Absence / Presence: What is seen may be relevant. What is not seen in the research may be relevant.

Surveillance: Understanding a situation is about surveillance--regular intervals (or constant) observations and measures. From this, an observer establishes a baseline. From this, an observer may notice anomalies.

Context for Meaning: Information is about context. Outside of context, information may lack relevance.

Framing and Interpretation: Information is about focus. It is about point-of-view. It is about assumed values. Information is about (subjective) interpretation. (This is why it's helpful to game-out various points-of-view and possible interpretations of the same set of information.) People make inferences about raw data and in so doing process it into usable information.

A Framing Animation

Predictive Analytics and Hidden Information: Predictive analytics is about trendlines. It is about human habituation and predictability of future actions based on data points. It is about hidden information or an extension of what is non-intuitively knowable. (See Charles Duhigg's "The Power of Habit," 2012.)

Modeling: All simulations are based on underlying information. Without knowing the assumptions of the model, one cannot truly assess whether the model has any value. Beyond that, a model has to track with the factual world, so there have to be points where the model's predictions may be tested against the world.

Omniscience: Competition in information is about knowing something critical without others knowing. It is about knowing earlier. It is about situational awareness.

Following the Rules

Follow the standards of the domain field.
Adhere to ethical guidelines about research, particularly any research that involves humans or animals...or any sort of risk.
Ensure that all participants in your research have been duly notified (through informed consent).
Maintain confidentiality of all data.
Store the data for the required time period.

Creating and Deploying Effective Surveys

Ensure that all survey instruments are phrased so as to avoid bias. (Question Design)

Phrase questions to focus on one issue at a time. Avoid double-barreled questions.

Ensure that surveys reach a sizeable random sample of a population, not an accidental defined sub-set. (Survey Methodology)

Ensure that all surveys questions used have been tested for multi-collinearity (to eliminate sample items that measure similar things). It is important to avoid conflating very similar factors. The variables being tested in a context should be as different and independent from each other as possible. If there is overlap, there will be unnecessary "noise" in the data.

Analysis and Decision-making

Not Over-Reaching in Terms of Generalizability

Small sample size (as in case studies with n = 1 or few)
Insufficient sample size in terms of percentage of the target population

Do not over-generalize. Draw conclusions only in proper measure.

Do not confuse correlation with causation. (Just because two events occur in close time proximity does not mean that there is necessarily a causal relationship between them.)

Make sure there is sufficient information before making an important decision. (This is all about due diligence.)

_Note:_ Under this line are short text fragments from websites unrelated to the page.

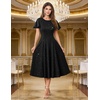 image:imageHomRain Womens Sequin Formal Dresses Wedding Guest Cocktail Party ALine Flare Sleeve GownsBlack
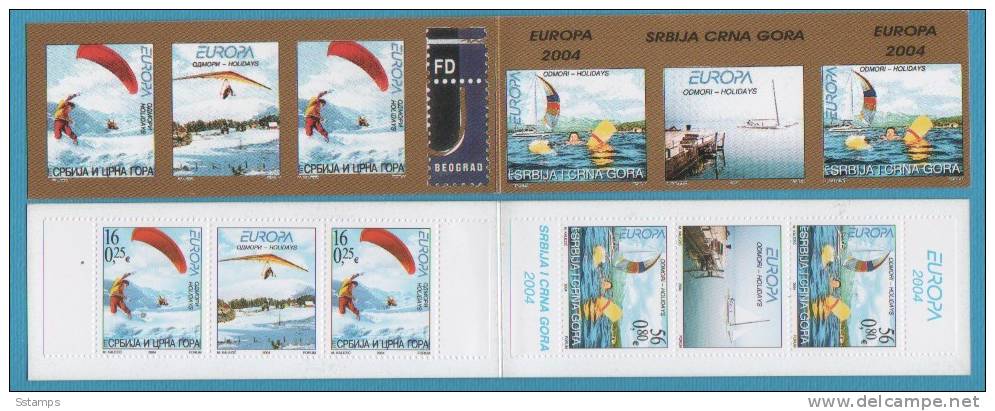 2004-lb JUGOSLAVIJA SERBIA MONTENEGRO CRNA GORA BOOKLET 2 SETS PLUS VG   NEVER HINGED - 2004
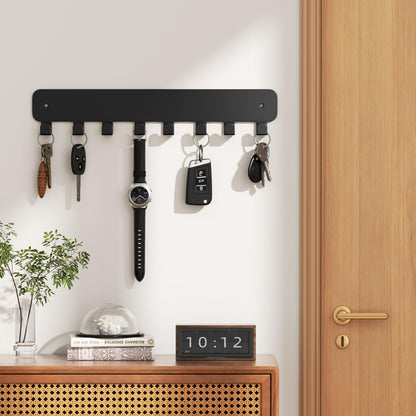 pickpiff Key Holder Wall Mount, Adhesive Key Rack with 8 Hooks Hanger for Car Key Ring, Metal Key Chain Organizer, Black 2 Pack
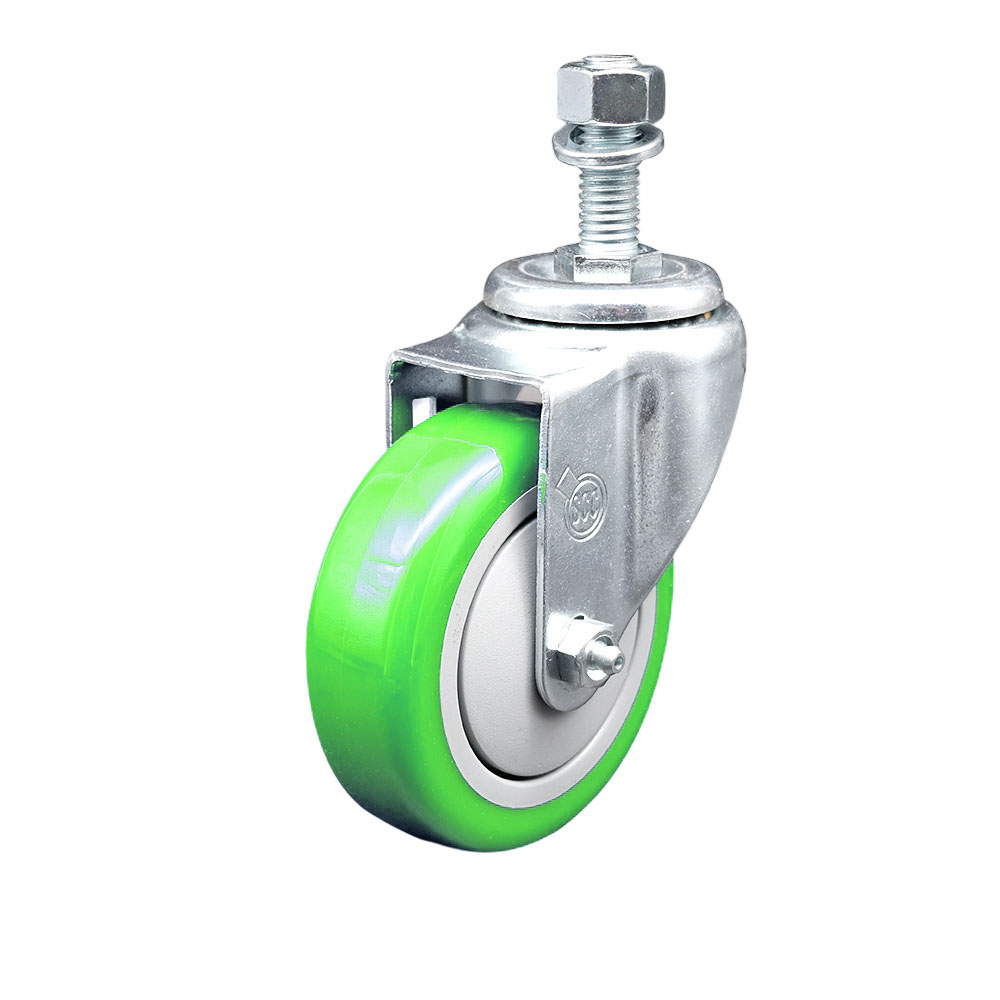 SCC-SSTS20S414-PPUB-GRN-M1215 Stainless Steel Polyurethane Swivel Threaded Stem Caster with 4 x 1.25 in. Green Wheel & 12 mm Stem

Sometimes, researchers are observing and assessing one thing but confusing it with another. There's a risk to conflation especially if the two compared objects are potentially close in relationship. The tests for "multi-collearity" is an attempt to separate the measures for one factor from another potentially closely related factor.

Coding Data Methodically

Coding data appropriately

Maximizing the Data Collection to Saturation

Building a strong repository of complete and relevant information for the "triangulation" of data

Breaking "The Law of Small Numbers"

If a sample size is too small, the findings will be much more exaggerated (with more extremes and outlier effects) than for larger samples. Too often, analysts read causal observations when the "null hypothesis" cannot actually be rejected (Kahneman, 2011, p. 118).

Applying Logic

Avoid endogeneity. Do not confuse a cause-and-effect when the effect could be coming from a factor within the system instead of outside the system. Or there may be factors affecting a result that is not even considered in the modeling.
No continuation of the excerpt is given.